Practically, it’s also incredibly frustrating. I lose things constantly. I have learnt coping mechanisms though. I keep a notebook and pen with me constantly, and I keep multiples of everything — my keys, a chapstick, my ID — in every conceivable useful space, from my handbag to the empty flowerpot in the garage.
But the worst is my newfound distrust of myself. Did a certain event or conversation really happen? Or did I merely think about it? Or is the act of thinking indicative of its actuality? I never know.
I have a constant fear of being a nuisance. Two of my previous relationships ended because I was so annoying. I can’t help but worry about coming across as uncaring or thoughtless because I forget things people tell me unless I have the presence of mind to write it down immediately. I feel like a complete dunce repeating questions, asking people to reiterate directions or remind me what we were talking about. I do not feel myself.
But I still have hope, regardless of how unfounded said hope may be. I am constantly researching new mnemonics, brain puzzles, and various tips and tricks for recalling things. I take photographs of every experience I wish to recall, I write down particular moments, and I obsessively document much of my day on social media. I do my utmost to remember my past self.
I also try to focus on the silver linings. I’m able to rewatch and reread good movies and books. Sometimes I’m blessed with the ability to forget horrible memories.
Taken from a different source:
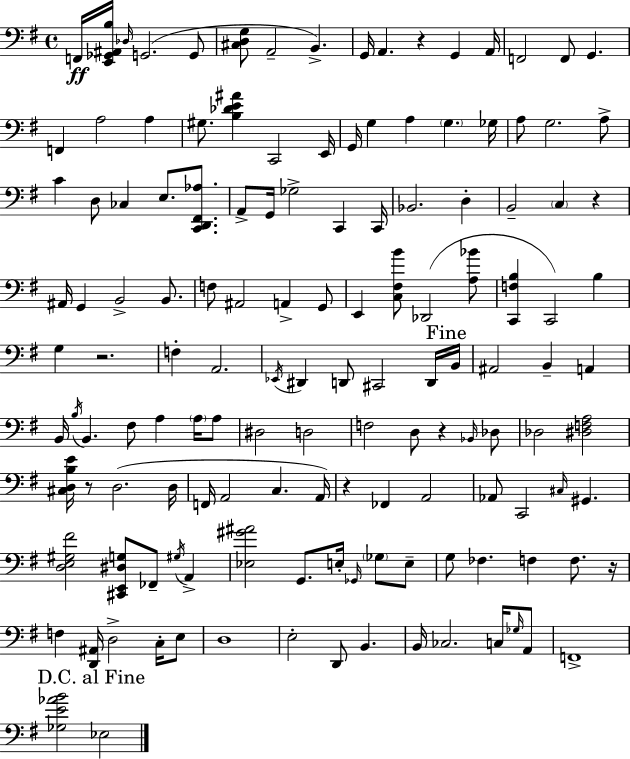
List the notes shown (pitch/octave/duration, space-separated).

F2/s [E2,Gb2,A#2,B3]/s Db3/s G2/h. G2/e [C#3,D3,G3]/e A2/h B2/q. G2/s A2/q. R/q G2/q A2/s F2/h F2/e G2/q. F2/q A3/h A3/q G#3/e. [B3,Db4,E4,A#4]/q C2/h E2/s G2/s G3/q A3/q G3/q. Gb3/s A3/e G3/h. A3/e C4/q D3/e CES3/q E3/e. [C2,D2,F#2,Ab3]/e. A2/e G2/s Gb3/h C2/q C2/s Bb2/h. D3/q B2/h C3/q R/q A#2/s G2/q B2/h B2/e. F3/e A#2/h A2/q G2/e E2/q [C3,F#3,B4]/e Db2/h [A3,Bb4]/e [C2,F3,B3]/q C2/h B3/q G3/q R/h. F3/q A2/h. Eb2/s D#2/q D2/e C#2/h D2/s B2/s A#2/h B2/q A2/q B2/s B3/s B2/q. F#3/e A3/q A3/s A3/e D#3/h D3/h F3/h D3/e R/q Bb2/s Db3/e Db3/h [D#3,F3,A3]/h [C#3,D3,B3,E4]/s R/e D3/h. D3/s F2/s A2/h C3/q. A2/s R/q FES2/q A2/h Ab2/e C2/h C#3/s G#2/q. [D3,E3,G#3,F#4]/h [C#2,E2,D#3,G3]/e FES2/e G#3/s A2/q [Eb3,G#4,A#4]/h G2/e. E3/s Gb2/s Gb3/e E3/e G3/e FES3/q. F3/q F3/e. R/s F3/q [D2,A#2]/s D3/h C3/s E3/e D3/w E3/h D2/e B2/q. B2/s CES3/h. C3/s Gb3/s A2/e F2/w [Gb3,E4,Ab4,B4]/h Eb3/h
Most of all, I’m forced to live in the moment, because my past self does not interject into any current conversation or experience. She does not remind me of what I thought yesterday, or what I said last week. I can happily relive certain moments and experiences time and time again.
As Ingrid Bergman once said, ‘‘Happiness is good health, and a bad memory.’’ At least I’m halfway there.
- Jean Balchin, a former English student at the University of Otago, is studying at Oxford University after being awarded a Rhodes Scholarship.